START EXERCISE DATA

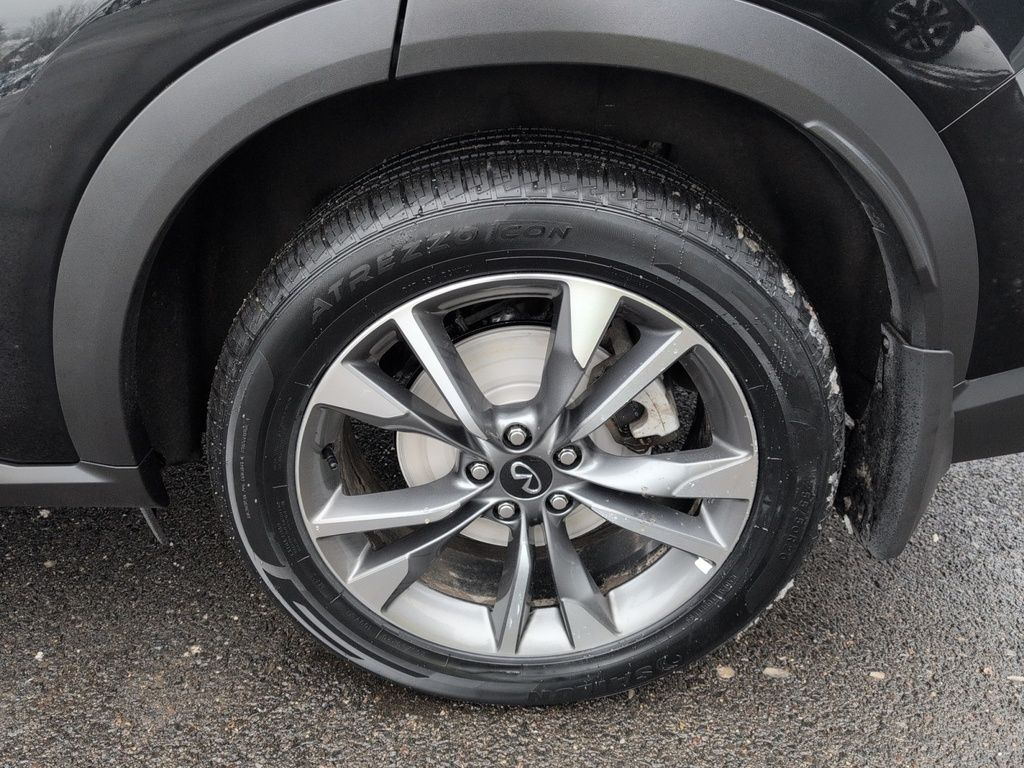 2025 Infiniti QX60 LUXE FULLY LOADED!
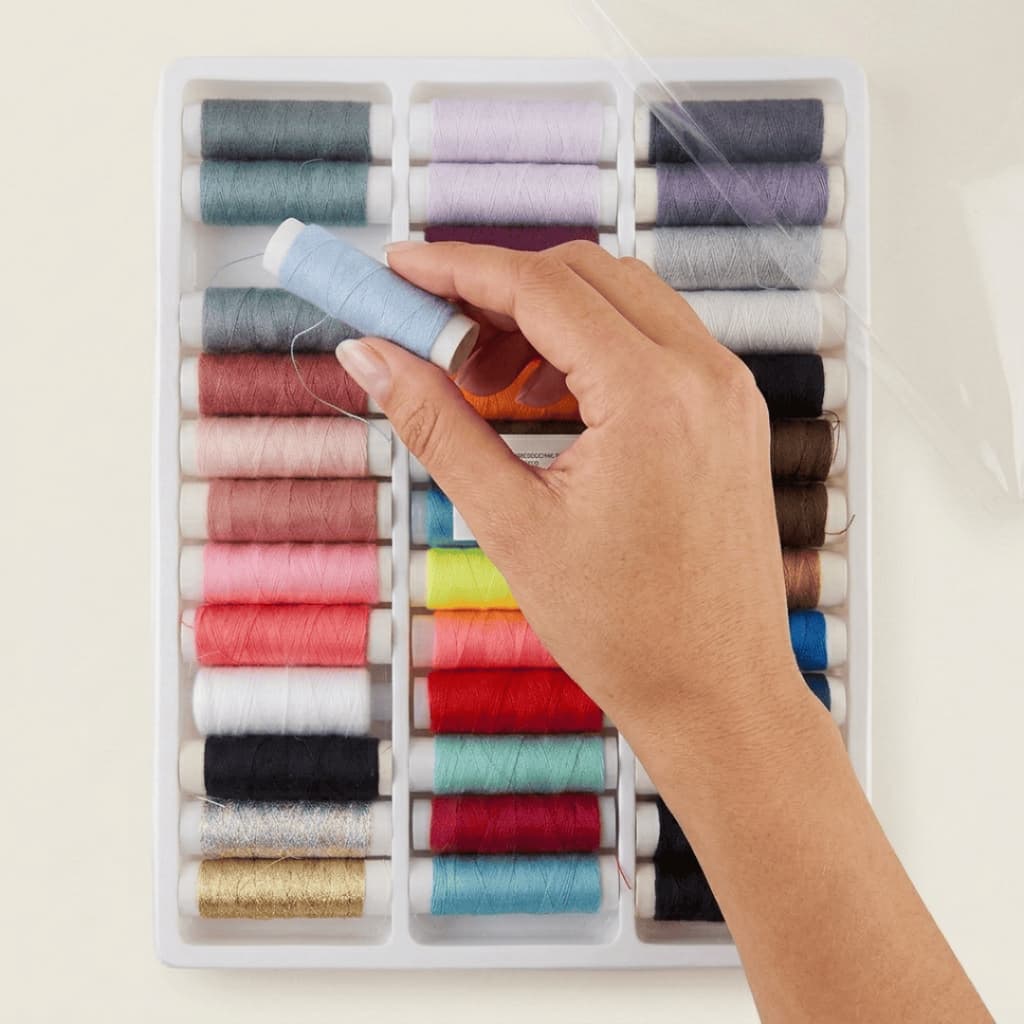 Kit Linha de Costura Estojo 39 Cores Poliéster Portátil Para Iniciante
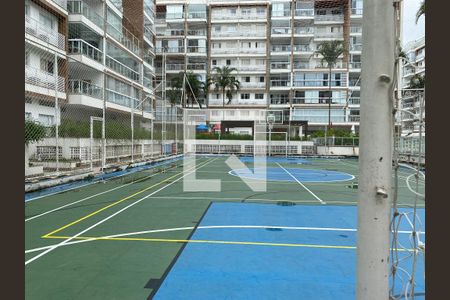 Apartamento à venda com 70m², 2 quartos e 1 vagaÁrea comum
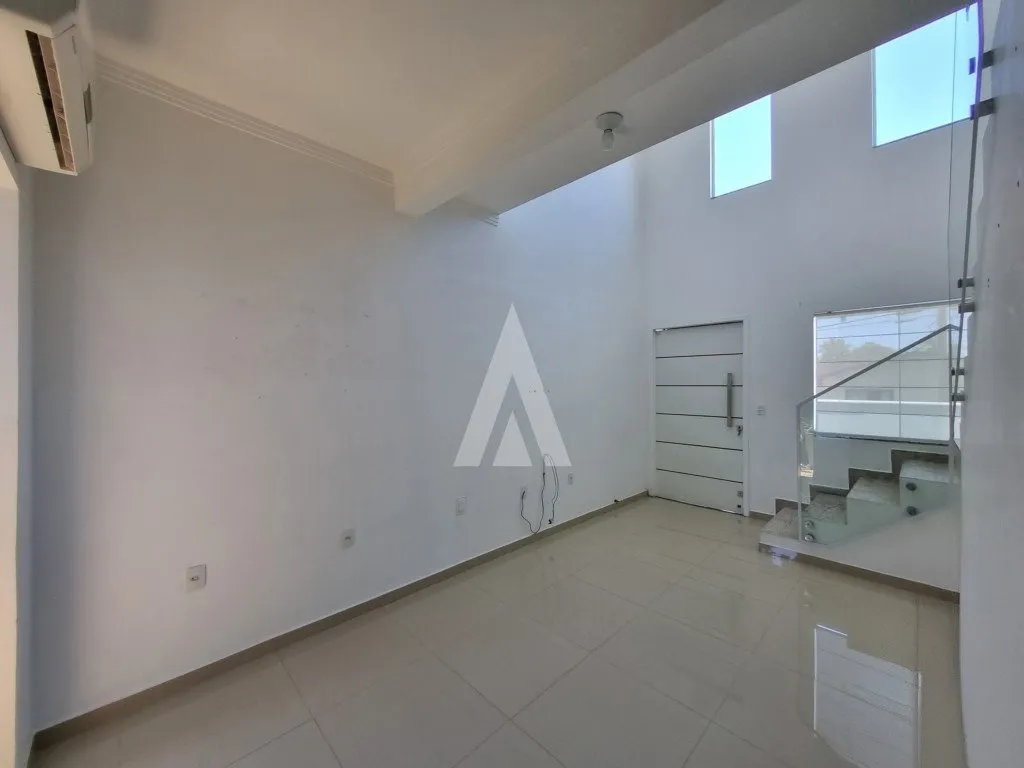 Sobrado Geminado com 1 suíte(s) mais 1 quarto(s) à venda no bairro Floresta em Joinville, por R$ 550.000,00 . — foto 3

END EXERCISE DATA

WHAT YOU ARE ASKED TO DO: Please copy exactly the lines from the one that contains "Apartamento à venda" through the last line of the listing above, leaving out the pictures.

OUTPUT BELOW:
 Apartamento à venda com 70m², 2 quartos e 1 vagaÁrea comum
 Sobrado Geminado com 1 suíte(s) mais 1 quarto(s) à venda no bairro Floresta em Joinville, por R$ 550.000,00 . — foto 3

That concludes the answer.